Будь проклят этот дом. Будь проклята эта елка. Мама сегодня с утра опять укатила на лыжах. Она прямо как Сольвейг: все лыжи да лыжи! А нас, детей, кинула на Фриду да на папу. Зато по магазинам любит ходить. А вечерами шьет. Все шьет и шьет. Машинка стучит. Тарахтит и тарахтит. Ложатся силки. Стреляют вдоль по ткани ровные строчки. Иногда мне кажется, что мамина швейная машинка -- это пулемет. Так грохочет она. Трах-тах-тах-тах.
Вон елка в углу гостиной. Круглая рожа часов. Циферблат -- наш враг. Как только часовая стрелка дойдет до десяти -- все, конец. Папа встает с каменным лицом, идет по всему дому, по всем комнатам, и методично, злобно выключает свет. И в спальнях. И в уборной. И в кладовой. И в кухне. И в столовой. И везде-везде. Дом окунается во мрак. И там, во мраке, медленно плывет, страшный черный призрак, а вокруг нас, насильно завернутых во тьму, горят, плывут веселые дома, пылают огнями, светятся счастьем -- ведь сегодня Рождество! Рождество!

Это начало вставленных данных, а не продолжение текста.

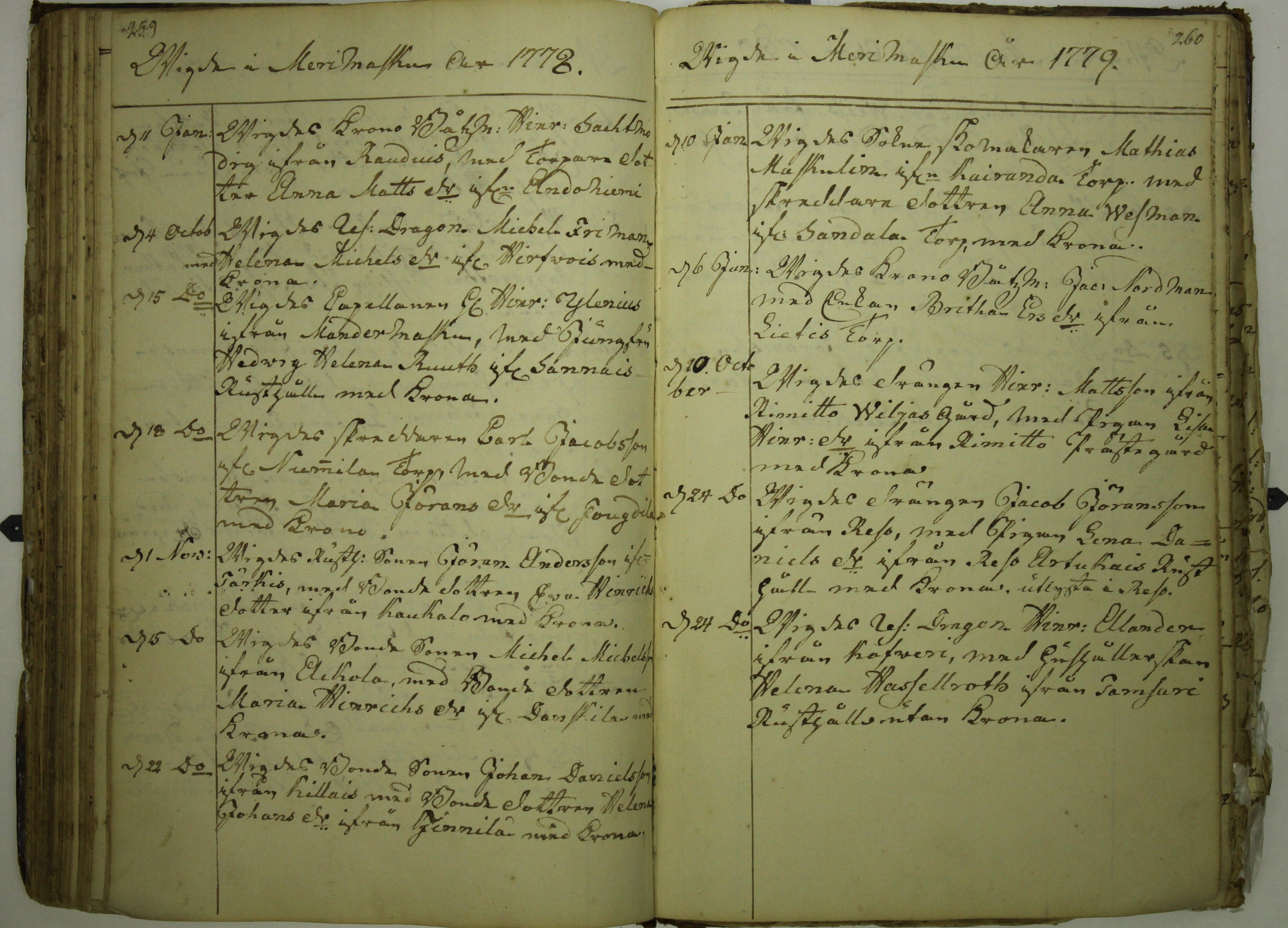 [ kuvat/133.jpg ]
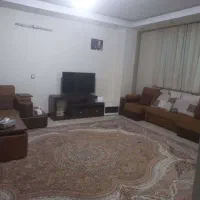 فروش فوری آپارتمان ۷۶ متری عطار دو خواب زیر قیمت|فروش آپارتمان|شاهینشهر, پاسداران|دیوار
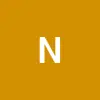 NutrifyMe thumbnail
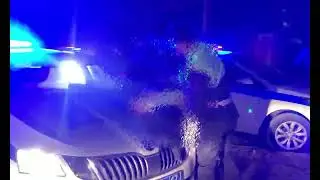 Родным погибших в ДТП будет все равно, кто был причиной аварии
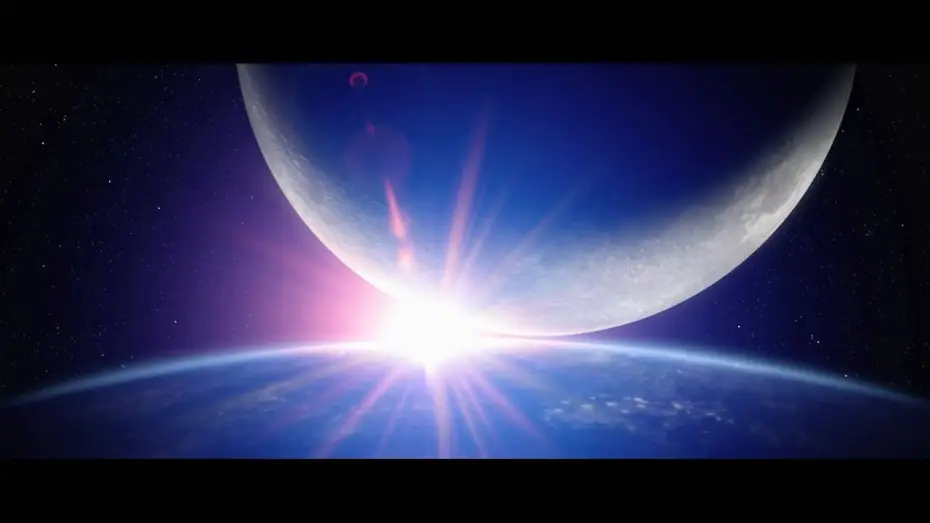 Відео до фільму Мегамозок | Teaser Trailer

Кирпич папиного лица не разобьешь ничем. Ни просьбами. Ни мольбами. Ни слезами. Когда он видит слезы, он свирепеет. Ильзе умеет подольститься к нему. Она прижимается к его острым, как кочерги, коленям, гладит его жилистые сухие руки. И он даже улыбается. И иногда гладит ее по затылку. По русому, с неровным пробором, затылку. Я гляжу на старшую сестру и завидую ей. Меня папа никогда не гладил по голове. И не трепал по щеке.
Гретль не подлизывается, как Ильзе. Гретль строптивая. Она шарахается, когда папа протягивает к ней руки. Убегает. Оглядывается, как лисенок. Хищный зверек. Это папе нравится, я вижу, как у него блестят глаза; должно быть, он чувствует себя охотником, которому надо поймать быстрого зверька. А может, даже подстрелить его. У папы и руки складываются в этот миг так, будто он держит ружье. Гретль встает в дверях и делает папе нос. И он, бледный от обиды, находит в себе силы рассмеяться. Жестким деревянным смехом. Будто бы деревянной пилой пилят картонные дрова.